> Data for the task:

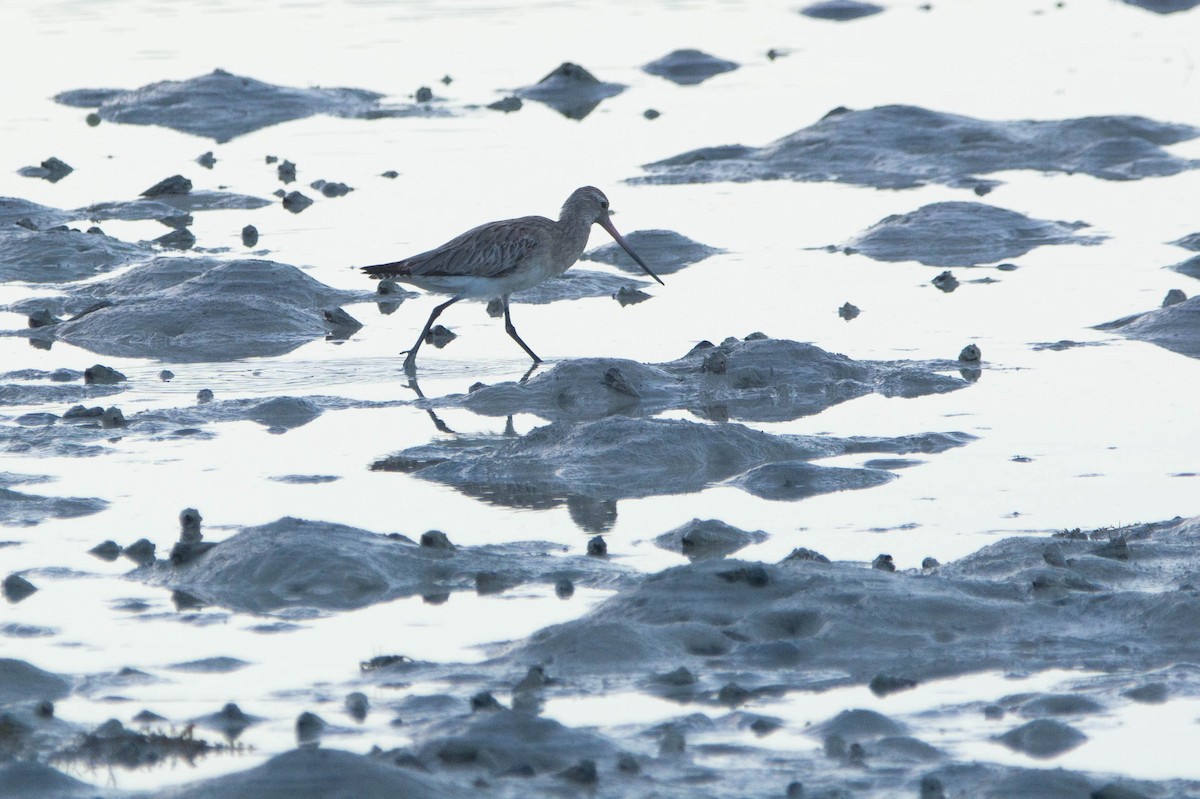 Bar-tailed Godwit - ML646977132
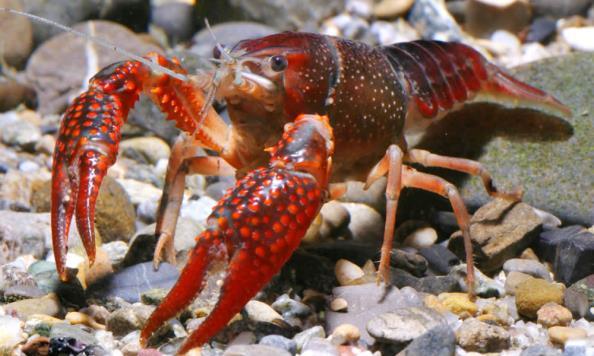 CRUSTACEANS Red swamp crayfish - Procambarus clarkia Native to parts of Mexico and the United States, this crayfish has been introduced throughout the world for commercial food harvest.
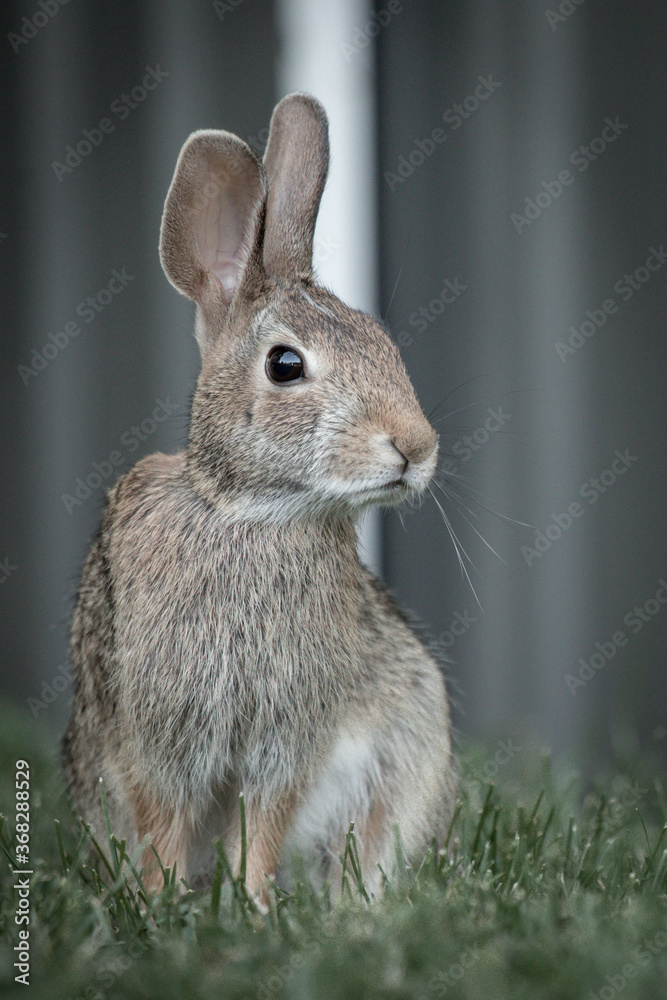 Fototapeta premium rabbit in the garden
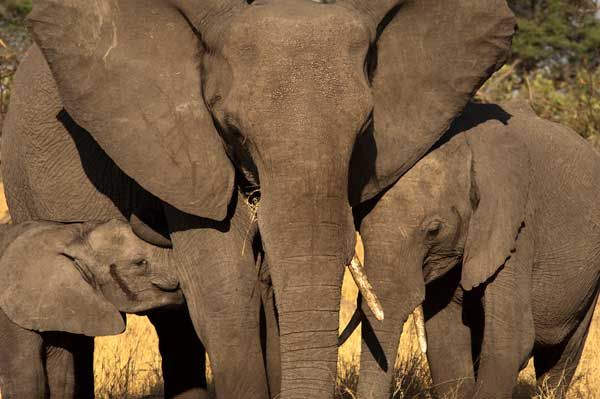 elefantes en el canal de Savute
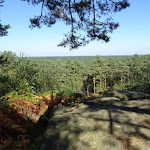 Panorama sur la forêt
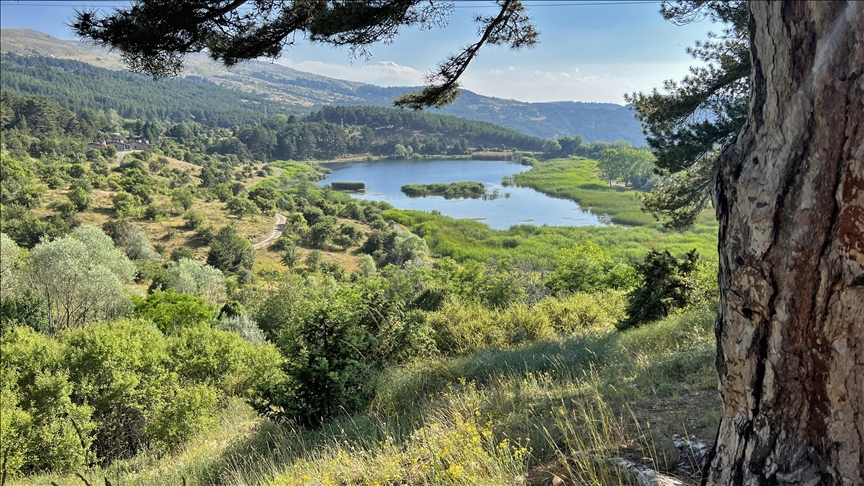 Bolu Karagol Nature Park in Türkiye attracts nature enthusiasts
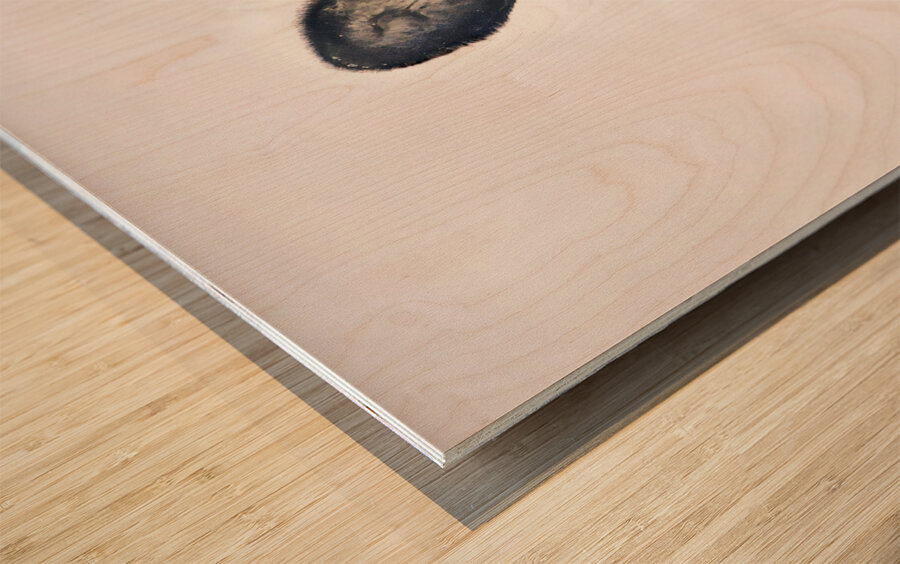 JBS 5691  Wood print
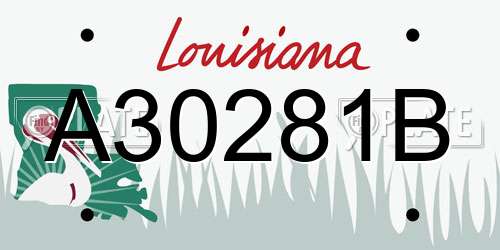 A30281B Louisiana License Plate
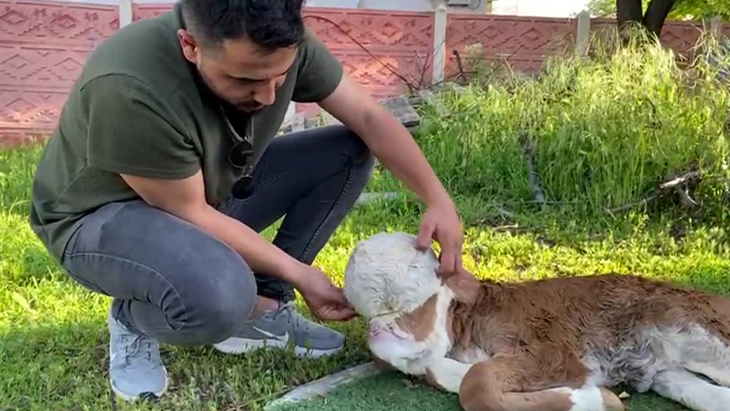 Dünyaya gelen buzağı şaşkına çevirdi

> What the task requires: Copy all of the entries verbatim, leaving out any pictures they contain.

> Response for this exercise:
 Bar-tailed Godwit - ML646977132
 CRUSTACEANS Red swamp crayfish - Procambarus clarkia Native to parts of Mexico and the United States, this crayfish has been introduced throughout the world for commercial food harvest.
 Fototapeta premium rabbit in the garden
 elefantes en el canal de Savute
 Panorama sur la forêt
 Bolu Karagol Nature Park in Türkiye attracts nature enthusiasts
 JBS 5691  Wood print
 A30281B Louisiana License Plate
 Dünyaya gelen buzağı şaşkına çevirdi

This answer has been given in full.